Getting Even: Loss, Revenge and the Refusal of Mourning

Stream: Panel 58 - Political Theory: Politics of Memory, Mourning and Repair 
Date: Tuesday, 27 September 2016
Time: 4.00 pm – 5.30 pm


Revenge is the oldest, and still the most seductive, response to injustice, but it is also the most morally abhorrent and politically destructive. In contrast to justice, whose governing symbol is measure, revenge falls under the figure of excess. And yet, if revenge can be said to have a guiding principle it is nothing other than measure understood as “perfect exchange”. Behind every act of revenge is the desire to exact the precise equivalent of suffering, to “discharge” the debt of pain by returning it in full, and by that means to bring the two parties back to the position they were in before the first offence occurred.

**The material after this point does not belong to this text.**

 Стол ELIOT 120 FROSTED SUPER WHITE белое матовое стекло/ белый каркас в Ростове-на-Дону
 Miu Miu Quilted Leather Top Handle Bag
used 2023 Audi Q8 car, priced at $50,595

Despite the opprobrium it generally carries, therefore, revenge bears within it the ideal towards which all forms of retributive and restorative justice strive – namely the restoration of the status quo ante. My aim in this paper is to use revenge as a means of exposing the temporal logic (and temporal flaw) at work in all our attempts at righting the wrongs of the past. To the extent that it never succeeds in restoring the status quo ante, revenge puts a lie to Nietzsche’s famous claim that “that everything has its price; all things can be paid for”. The more victims seek to recover the precise equivalent of what they have lost, the more that loss asserts itself as unrecoverable. Among other things, therefore, the study of revenge provides an insight into the disastrous consequences that arise from the refusal of mourning.

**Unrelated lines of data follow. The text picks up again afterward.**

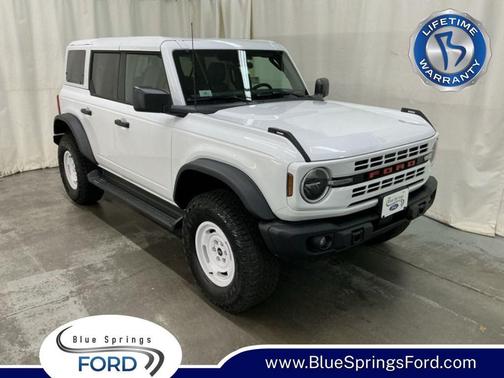 OXFORD WHITE 2026 Ford Bronco Heritage Edition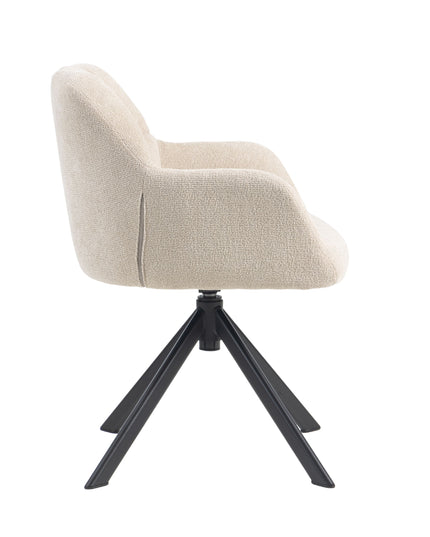 Tess Eetkamerstoel - Beige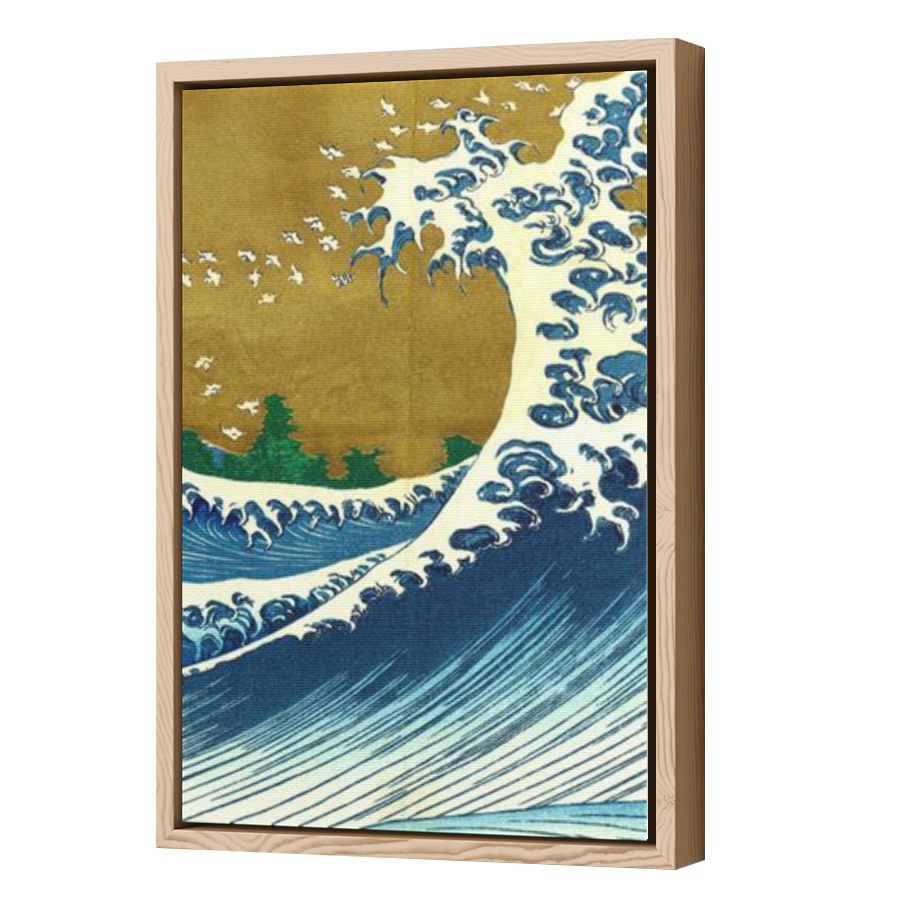 Thumbnail for Canvas - Wood Grain Floating Frame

Paul Muldoon (Presenter), Monash University
Paul Muldoon teaches political theory in the School of Social Sciences at Monash University, Australia. He is a member of a multi-disciplinary research team funded by the Australian Research Council investigating resistance to reconciliation in South Africa, Northern Ireland and Australia. He is currently working on two large research projects. The first concerns the way societies come to terms with the past and the significance of practices of public mourning. The second concerns the ‘event of colonisation’ and, more specifically, the events in the colonial history of Australia that are forever revealing new potentialities within the colonial encounter.